Source:chinadaily.com.cn Published:2019-03-19 11:24

A special committee of the Chinese Medical Doctor Association was established Monday to promote pain-free natural birth in China.

It is expected that over the next three years, pain-free natural birth will be further regulated and provided for more women, cesarean sections will be reduced, and women will give birth in increased comfort, according to the association.

The committee, comprising more than 100 medical experts from major hospitals across China, will take various measures over the next three years, including providing technique guidance, regulating clinical management, conducting staff training, and promoting academic exchanges, the association said.

Jiao Yahui, chief of medical administration and supervision at the National Health Commission, said with economic and social development, Chinese people have higher demands and expectations for medical services, but that currently pain-free natural labor services are inadequate .

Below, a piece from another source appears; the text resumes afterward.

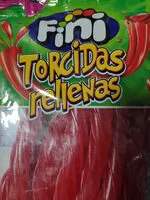 Mängden socker i Torcidas rellenas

The commission is piloting a national program to promote pain-free natural birth across China to meet increasing demand, and more than 900 hospitals have volunteered to join the pilot, she said.

Pain-free, vaginal deliveries, which may rely on a combination of spinal and local anesthesia, has been widely promoted in many developed countries, accounting for more than 80 percent of all deliveries in some cases. But in China only around 10 percent of births are made through such techniques, according to Mi Weidong, director of the special committee established Monday.

This results in many pregnant women choosing cesarean sections, which are generally painless because of their use of epidurals and spinal anesthesia, with the birth-by-caesarean-section rate in some regions’ at 50 percent, he said.

“For thousands of years, it has been generally regarded natural that women have to endure severe pain for 10 hours or longer to give birth,” he said. “But with advances in medical technology, we should make the process painless. This is the purpose of the committee.”

Zhang Yanling, president of the Chinese Medical Doctor Association, said the lack of promotion of pain-free natural birth in China is due to multiple causes, including a shortage of anesthesiologists.

Promoting such such techniques across China can also help encourage birth in China by eliminating young women’s fear of pain when giving birth, thus easing problems brought by dwindling births such as population ageing, he said.